В лес мы въехали уверенно – покатистым бодрым шагом. А что нам было сомневаться? Лыжня под нами бежала четкая, хорошо убитая, – стало быть, немало народу здесь до нас прошло. Лес был пригородный, знакомый, только выглядел он сегодня что-то мрачновато. Ну да это просто день выдался пасмурный. У леса ведь тоже разное настроение бывает. Летом он встречает тебя ласково, как родного внука: и от ветра укроет, и от дождика, и полянку для отдыха мягкую предложит. Летом лес и пахнет хоть и приятно, но малость по-стариковски: грибами да прелью всякой. Зато зимой – это случается в солнечную морозную погоду – он устраивает торжественные приемы. И тут уже ничего стариковского – полное преображение. Все сверкает, деревья осыпаны жемчугами и бриллиантами, на еловых лапах белые перчатки по локоть, и все кругом бело, как на балу. Идешь по такому лесу и ничего не чувствуешь, кроме восторга; такой мажор в душе, что ни ног, ни рук не замечаешь отмороженных. Только не всегда в лесу праздник – это надо понимать. Бывают дни, и особенно ночи, когда ему, лесу, нет до человека никакого дела. Что ж, хочешь – обижайся на него, хочешь – иди своей дорогой.

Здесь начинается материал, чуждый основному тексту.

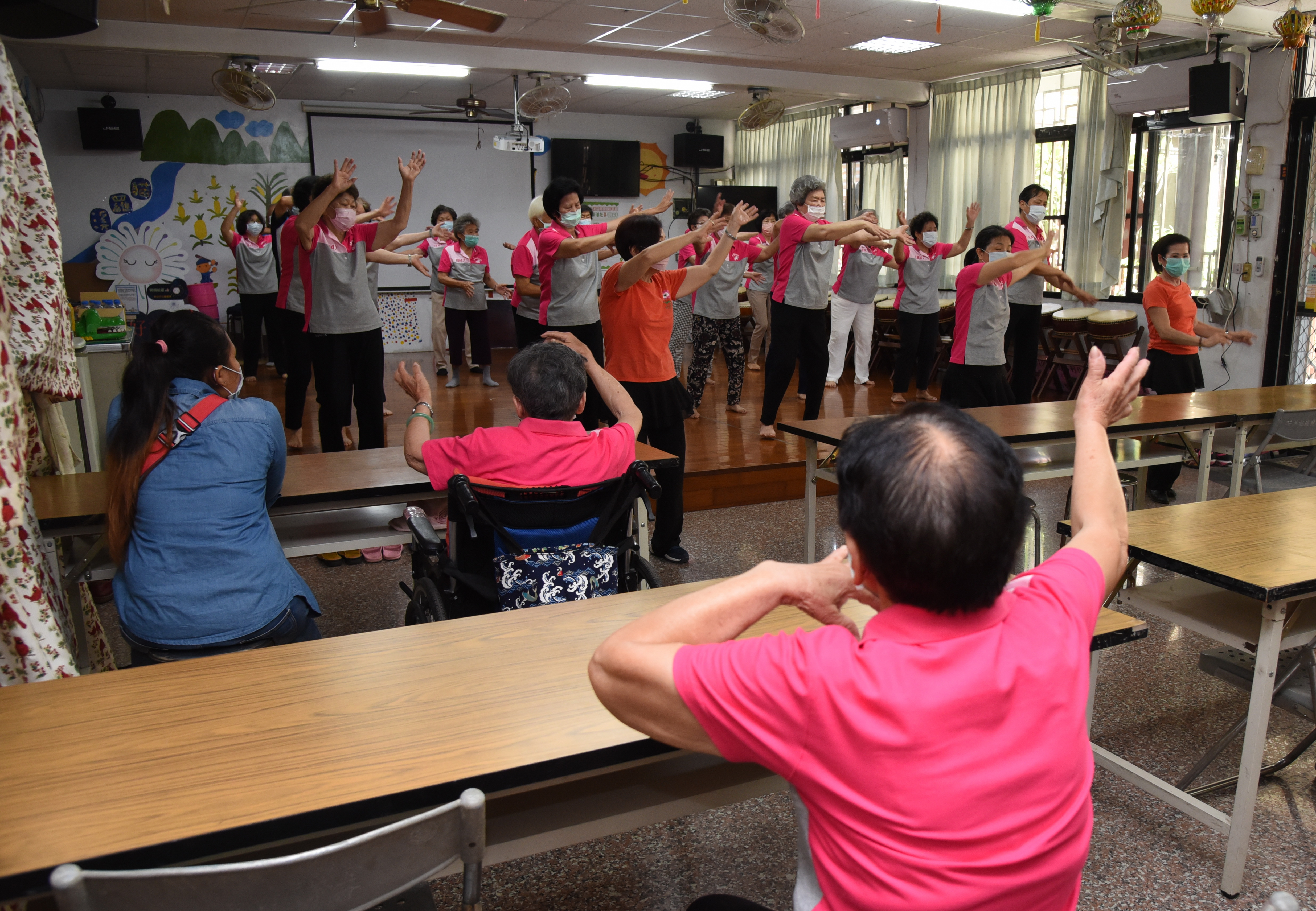 相關圖片1-關懷據點「解禁」    阿公、阿嬤「樂舞」展活力
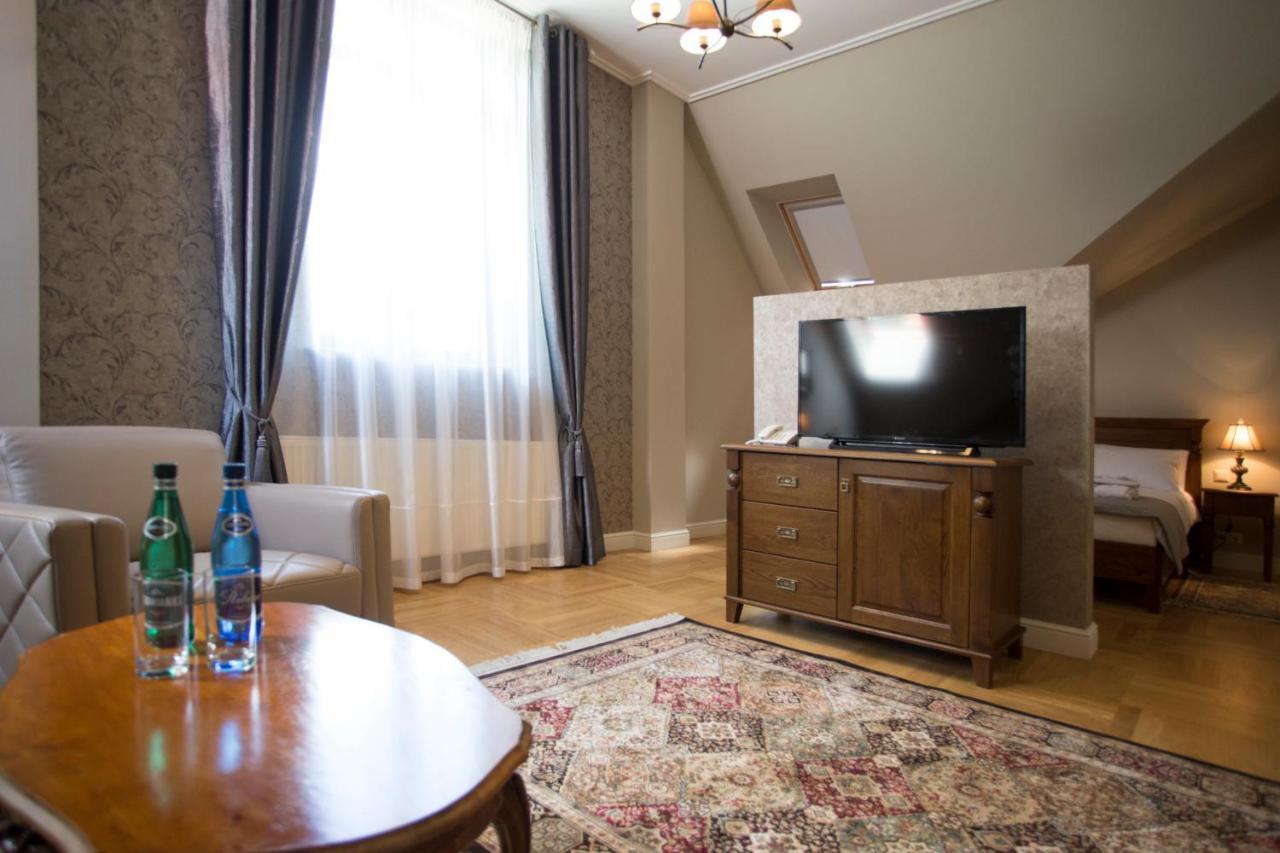 Palac Polanka Krosno Ngoại thất bức ảnh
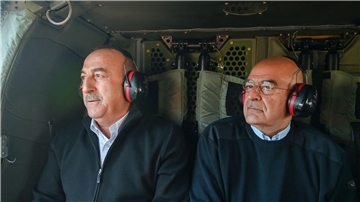 Der griechische Außenminister Nikos Dendias (r.) und sein türkischer Amtskollege Mevlüt Cavusoglu bei einem gemeinsamen Flug über die erdbebengeschädigten Gebiete in der Türkei.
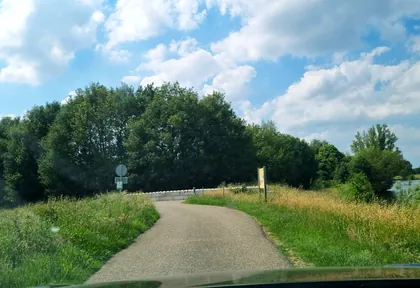 Route photo at kilometre 25.2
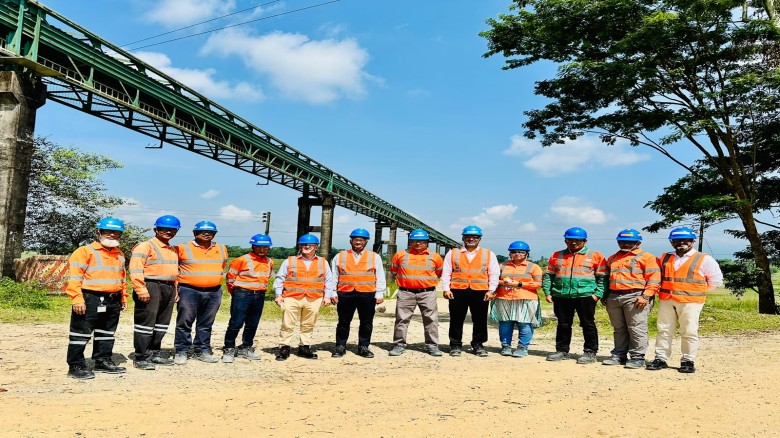 Spanish envoy visits LafargeHolcim Chhatak plant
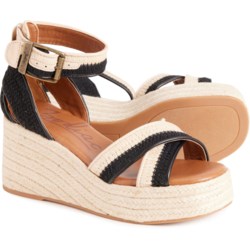 Zodiac Naomi Wedge Sandals (For Women) in Natural/Black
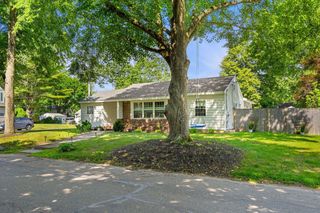 42 Myrtle Ave, Newburyport, MA 01950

Ну мы, конечно, на лес не обижались и шли своей дорогой, то есть лыжней. Шли, пока лыжня не стала потихоньку заворачивать влево. Это означало, что она собирается описать круг и снова вернуться в город. Пришлось нам с накатанной лыжни сойти. Дальше на Морозово никакой дороги не было, а было только направление, которое знал Грач, ну и я – приблизительно. Девчонки наши было забеспокоились: не заблудиться бы нам; но мы их на смех подняли: в случае чего ведь всегда можно по своим следам вернуться.